-- Opening Marker --
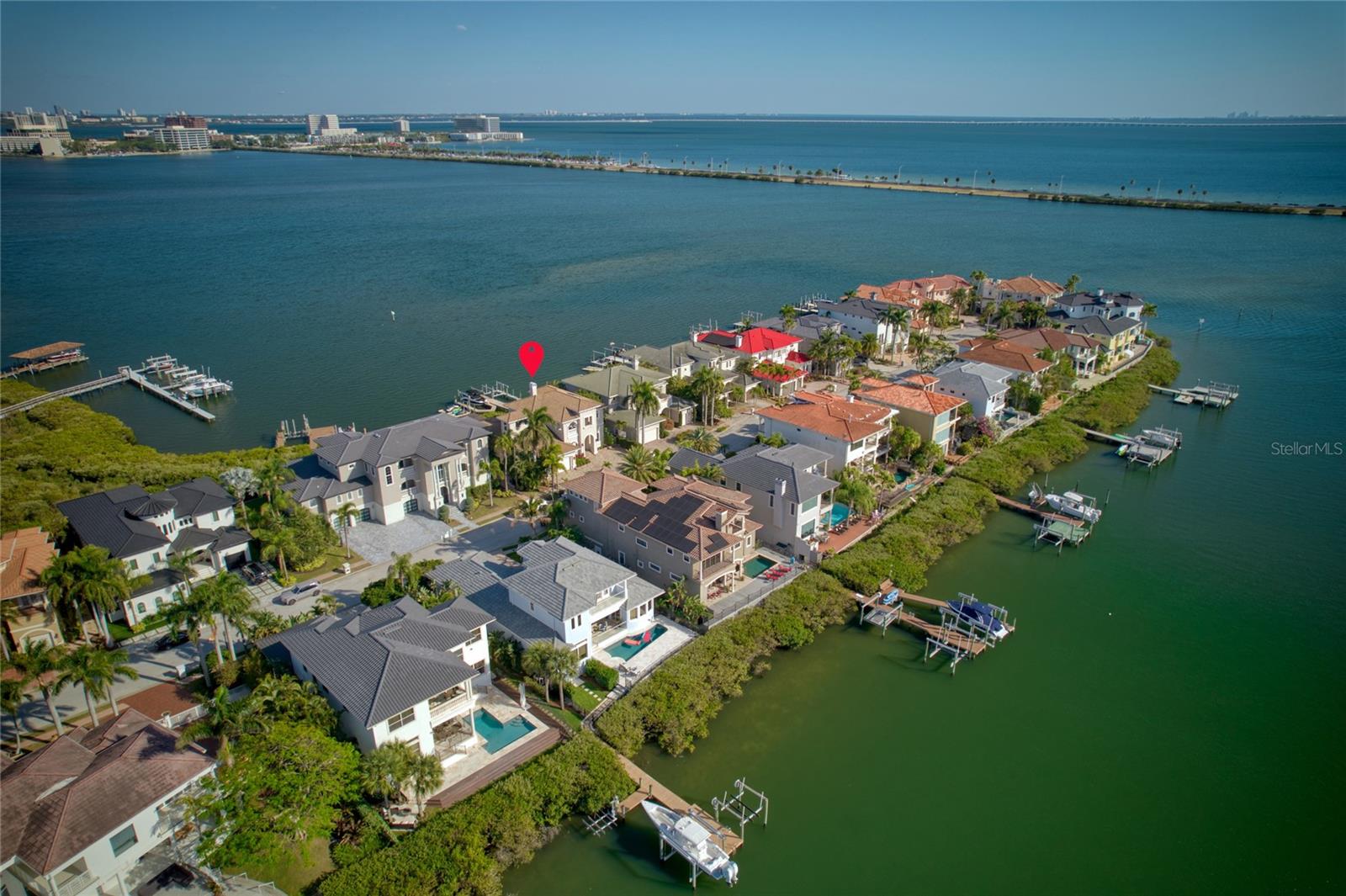 THE RESERVE OF OLD TAMPA BAY - Residential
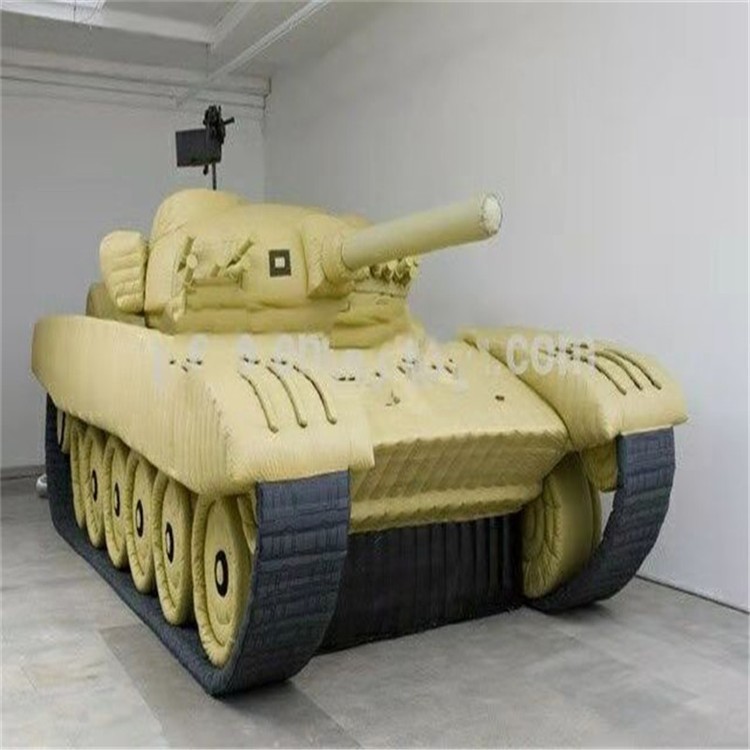 丰台充气军用坦克定制厂家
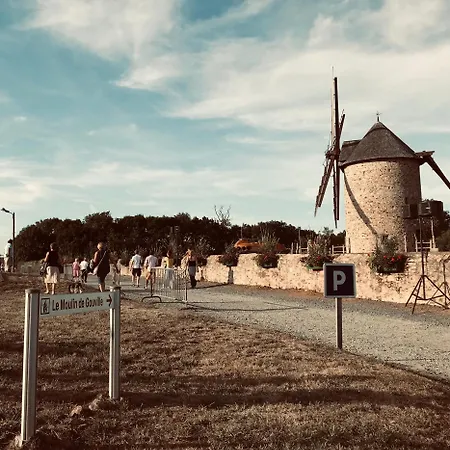 Bocage Et Coquillage * Gouville-sur-Mer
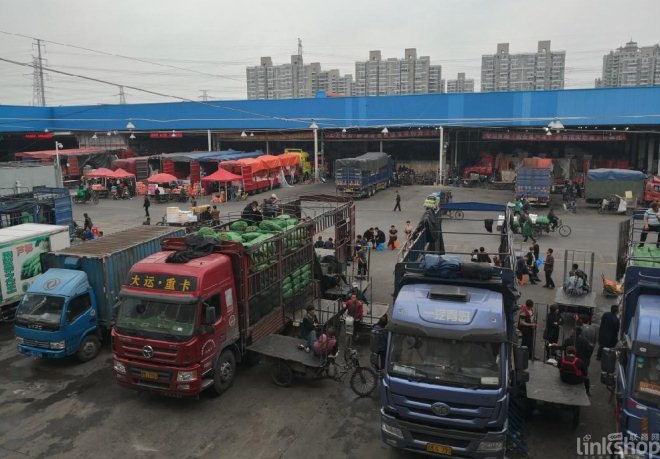 作为零售发源地,上海最大蔬菜批发市场是怎么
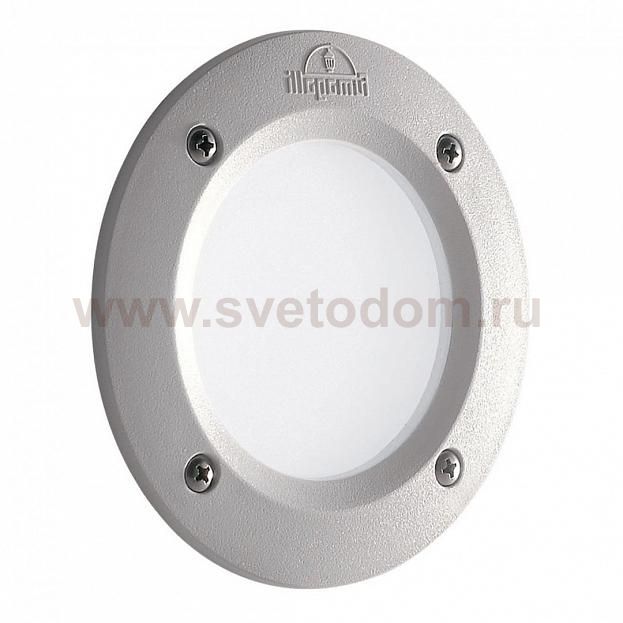 Встраиваемый светильник Ideal Lux LETI ROUND FI1 BIANCO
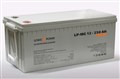 Аккумулятор мультигелевый 12V 250Ah LogicPower LP-MG 12-250 для ИБП, поломоечных машин, солнечных электростанций (панелей)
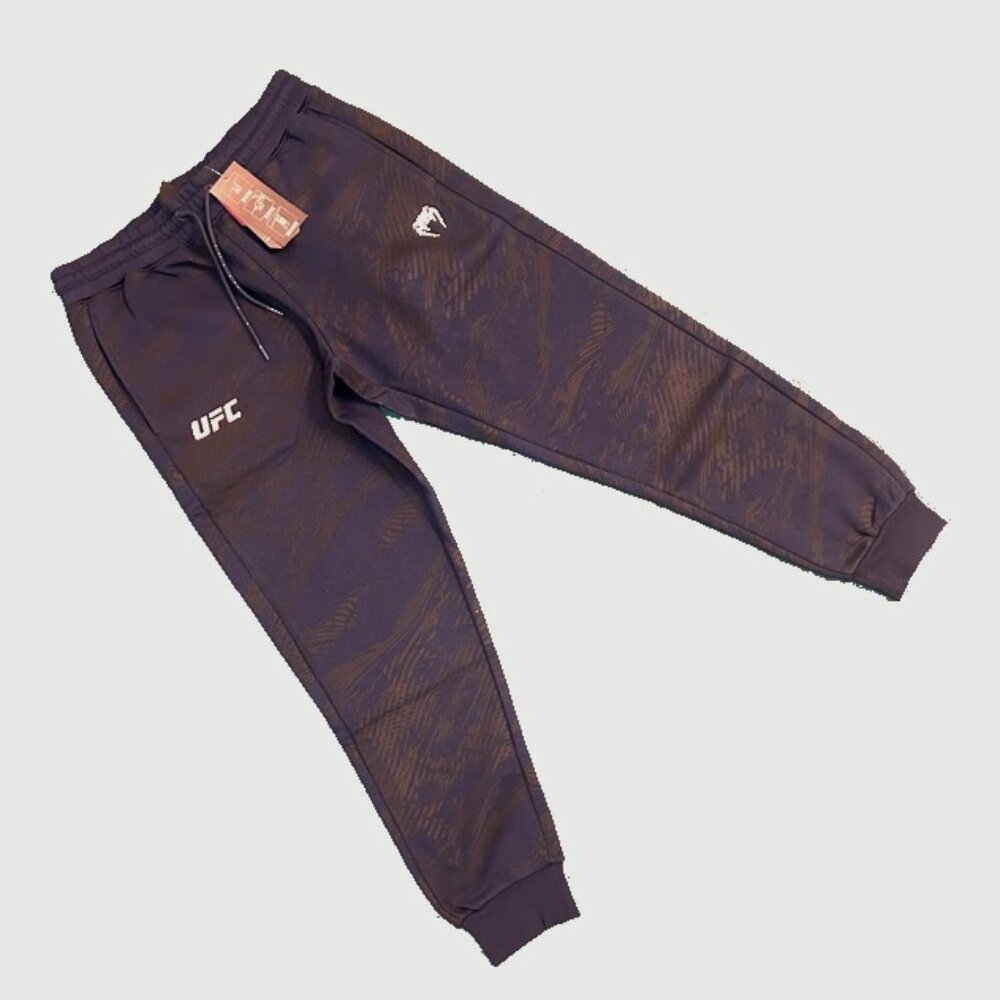 UFC Venum Fight Night Joggers – Dark Blue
-- Closing Marker --
▶ **WORK ORDER**
From the first line to the last, restate the entries exactly, without pictures.

▶ **RESPONSE AREA**
 THE RESERVE OF OLD TAMPA BAY - Residential
 丰台充气军用坦克定制厂家
 Bocage Et Coquillage * Gouville-sur-Mer
 作为零售发源地,上海最大蔬菜批发市场是怎么
 Встраиваемый светильник Ideal Lux LETI ROUND FI1 BIANCO
 Аккумулятор мультигелевый 12V 250Ah LogicPower LP-MG 12-250 для ИБП, поломоечных машин, солнечных электростанций (панелей)
 UFC Venum Fight Night Joggers – Dark Blue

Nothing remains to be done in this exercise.